Other important notes
NOTE 1: Based on the docs, I think you shouldn't have to specify the workflow path in addition to the job ID, but for some reason when I tried it without the -W
flag, I got a Could not find any stages to run
error. I think this is an open issue, https://github.com/nektos/act/issues/1993.
NOTE 2: If passing a secrets file to the act
command which contains GITHUB_TOKEN
, the variable cannot be defined inside the file as follows:
GITHUB_TOKEN="$(gh auth token)"
(unlike when passing the GITHUB_TOKEN
directly using -s GITHUB_TOKEN
), because the .secrets file does not support this kind of expansion syntax. See https://github.com/nektos/act/issues/2130#issuecomment-1859288328 and https://nektosact.com/usage/index.html?highlight=env#envsecrets-files-structure for more info.
As a work around, you can echo the value into the file instead, e.g.: echo GITHUB_TOKEN=$(gh auth token) >> my.secrets
NOTE 2: You can also try a dry-run first, e.g.
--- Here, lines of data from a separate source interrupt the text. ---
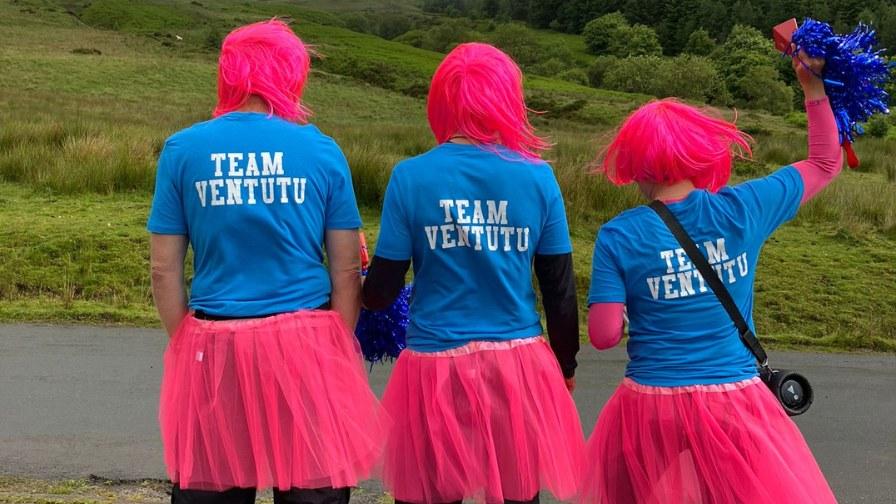 Supporters on the side cheering on teams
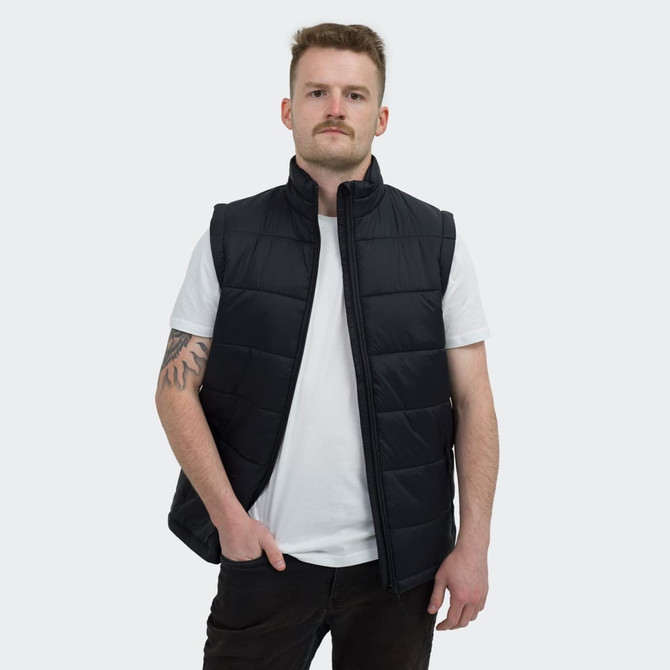 A man wearing a black puffer vest over a white t-shirt, standing with hands in pockets. The vest has a logo.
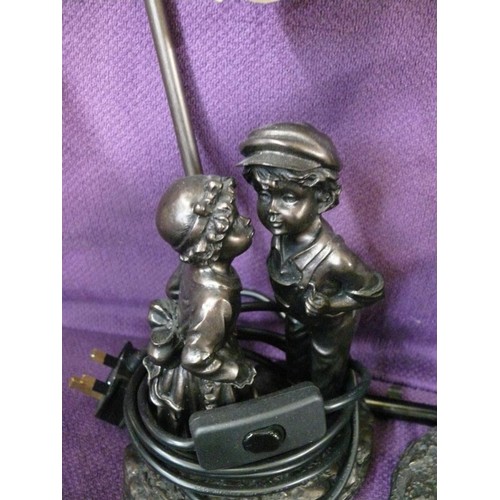 117 - CHILDREN KISSING TABLE LAMP WITH GLASS SHADE PLUS A FIGURE OF CHILDREN PLAYING LEAPFROG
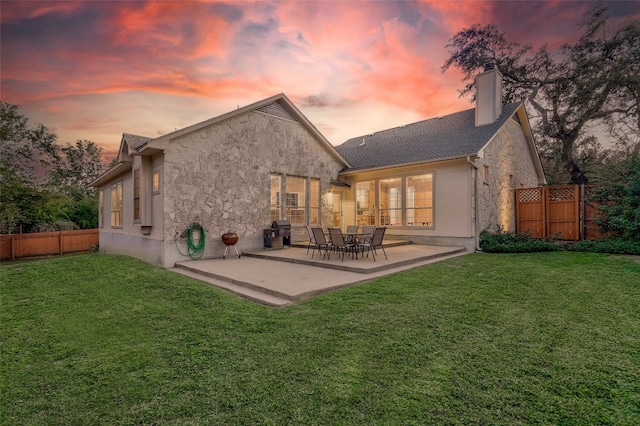 back house at dusk featuring a patio area and a lawn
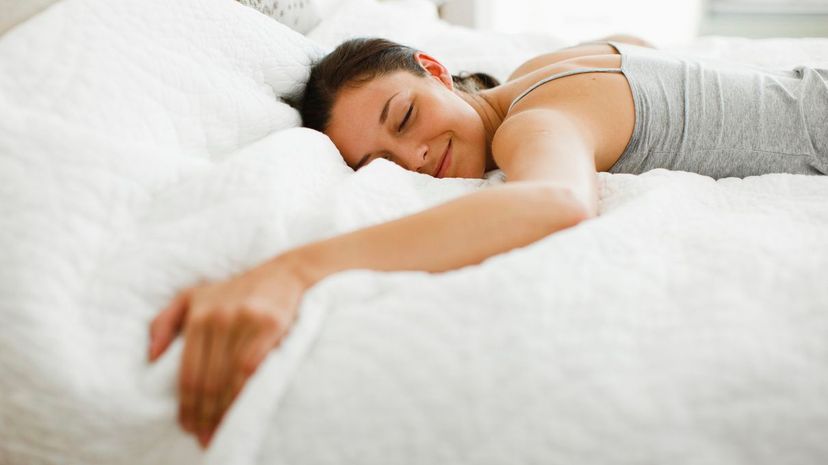 Happy Woman in Bed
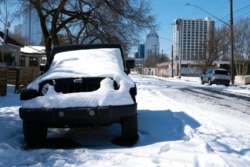 A parked Jeep is covered in snow in Austin, Texas, Feb. 16, 2021.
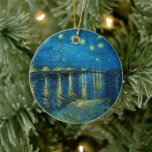 Starry Night Over the Rhône | Vincent van Gogh Ceramic Ornament<br><div class="desc">Starry Night Over the Rhône (1888) by Vincent van Gogh is a mesmerizing Post-Impressionist painting that captures a serene nighttime view of the Rhône River in Arles, France. The artwork features a deep blue sky adorned with shimmering golden stars and their reflections on the water. In the foreground, two figures...</div>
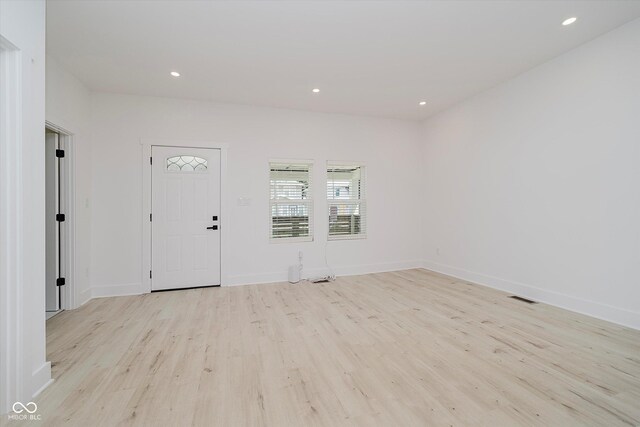 2909 E Michigan St, Indianapolis, IN 46201 - foyer featuring light wood-style flooring, baseboards, and recessed lighting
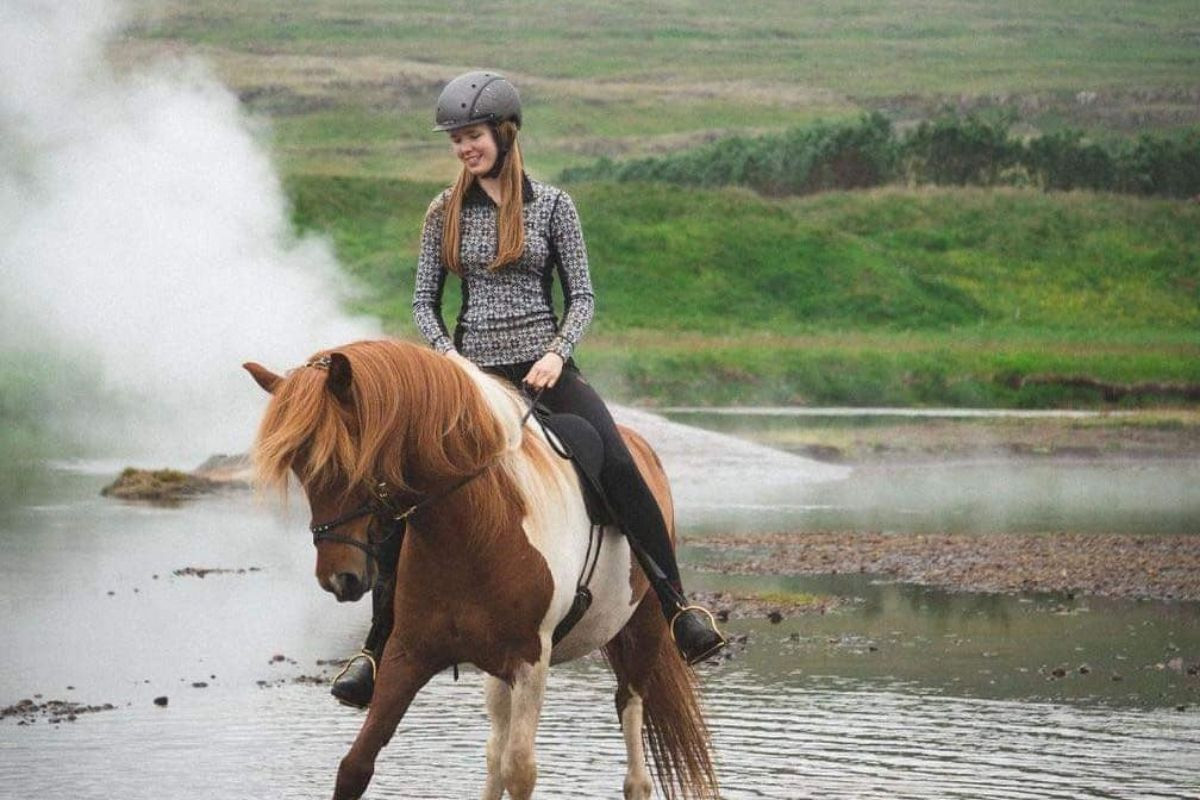 A woman smiling while riding a pinto Icelandic horse through shallow water with steam rising from a hot spring in the background at Sturlureykir Horse Farm.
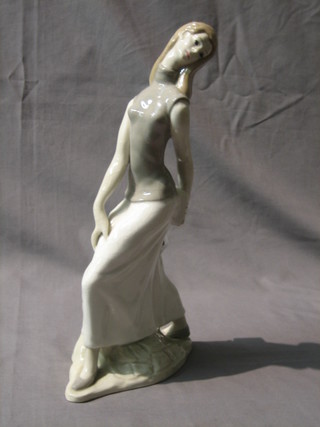 A Peyro figure of a standing walking girl 13"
act -j auto-release -W .github/workflows/release.yaml --secret-file ../my.secrets -n
but I'm not sure how far the dry-run actually goes/how helpful this is. For example, I first tried a dry-run locally but forgot to provide the secrets file needed for auto-release
, and still got a "Job succeeded" message. Then when I ran it not as a dry run, the job failed. 🤷 So the dry-run doesn't seem to actually 'catch' all problems by default.
Daisy chaining pull requests
When addressing multiple issues of the same repository in succession, it's better to not branch off of the feature branch with the latest changes as it may lead to conflicts that if not handled properly may overwrite some of the changes made. For a safer approach, branch off of main for each issue.